As for other countries of the region, their attitude toward the project is sufficiently positive, but not everywhere has an official position already been worked out, and in some places, there is simply not enough information on it. Kazakhstan, in the person of its first president Nazarbayev, was one of the initiators and active exponents of the idea. Naturally, there are some distinctive features of its interest. It pays more attention to economic effectiveness and has come out against politicization of any Eurasian programs.
In an interview, K.K. Tokaev, the new president of Kazakhstan, remarked, “We consider that the idea of Greater Eurasia—in a broad understanding of this term—opens horizons for activization of the economic ties of Asia and Europe, and it can become a fundamental formation of a new system of international relations on the Eurasian space. The processes occurring on our mega-continent, in my opinion, form a new geopolitical reality…” Speaking of Central Asia, Tokaev noted, “Close cooperation of the countries of the region, linked to the bonds with the strategic partner Russia, are a serious factor supporting peace, stability, and security in Eurasia. In other words, realization of this goal is impossible without Russia.” He concluded that we would like to see Greater Eurasia as a “united Eurasian space of security and prosperity.”16
Kyrgyzstan as a member of the EEC is a natural part included in the formation of Greater Eurasia through the mechanism of docking the EEC and the Silk Road Economic Belt (SREB). Tajikistan also will participate as a member of the SCO and active partner of SREB, as will other members of these groupings. Of late, Uzbekistan began to more actively open itself to the outside world and broad international integrationist initiative. In a recent article two of its former, high-ranked diplomats mention the idea of Greater Eurasia, advanced by Russian experts, and also the idea of a Greater Eurasian partnership, which they call, for some reason, Chinese, and remind people that Uzbekistan always occupied a central place in the development of this region.17 As for a major country such as India, there is still no official position on the Greater Eurasian partnership project. Nevertheless, Indian experts on the whole are reacting positively to the idea of active cooperation with Russia in Eurasia, not least of all, in light of the need to balance the growing influence of China.
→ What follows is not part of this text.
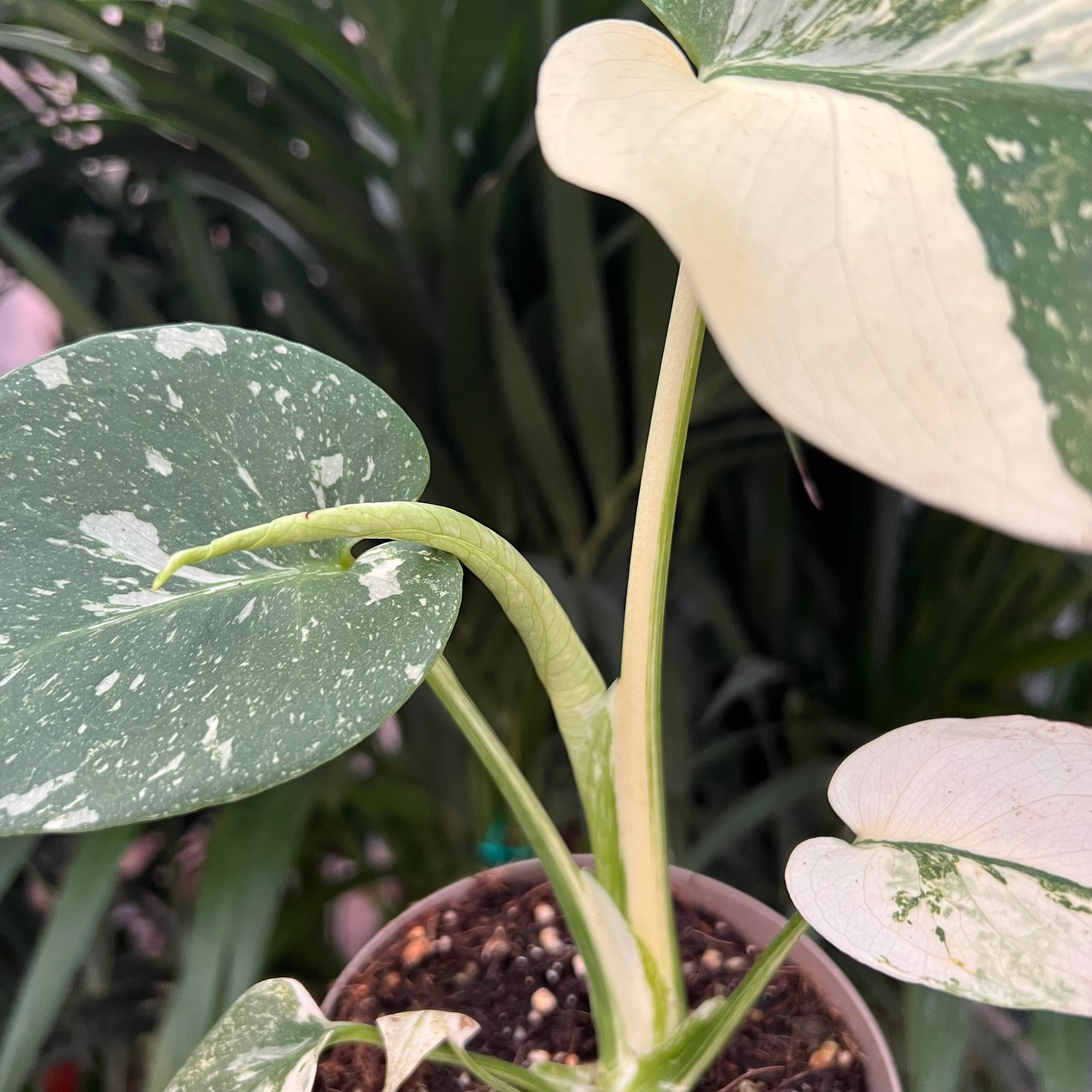 Monstera Thai Constellation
Thus, Raj Kumar, justlikehisChinesecolleagues, acceptsthat GEP “signifies Russia’s disillusionment with its efforts to integrate with Europe prompting Moscow’s pivot to the East.” He argues: “Since Chinese economic resources could influence the region more than the Russians, there is ample scope for Russia to cooperate with India at a regional level in order to avoid too much dependence on China. This will also strengthen India-Russia economic ties, which have been weak ever since the Soviet Union disintegrated. The two countries could cooperate in areas like Central Asia, South East Asia, Afghanistan, Russia’s Far East and the Arctic to further boost their relationship under the GEP initiative. A weakened Russia is not in India’s favour and New Delhi must help its strategic partner’s initiative to find feet in the region at a time when India has been a vocal critic of China’s BRI.”18 Nandan Unnikrishnan and Uma Purushothaman even suggest that India should join the EEU since this “will give access to its goods to an entire geographic space through a single tariff. Joining it would also allow India to use and contribute to the internal rail and road networks, which link the members of the EEU.”19
The emergence and development of the community of Greater Eurasia is not exclusively a Russian plan or aspiration. It is an objective process, founded on basic world geopolitical tendencies. Its foundation is Russo-Chinese closeness, propelled by the rise of China, the collapse of the USSR and strengthening of a new Russia, and the active stimulation by attempts of the US and its allies to contain the development of both states within the rubric of the international system under Western domination. Other states in the region have their own interests, which also drive them to ever more active participation in the establishment of a new Eurasian system, free from the interference of forces from outside the region.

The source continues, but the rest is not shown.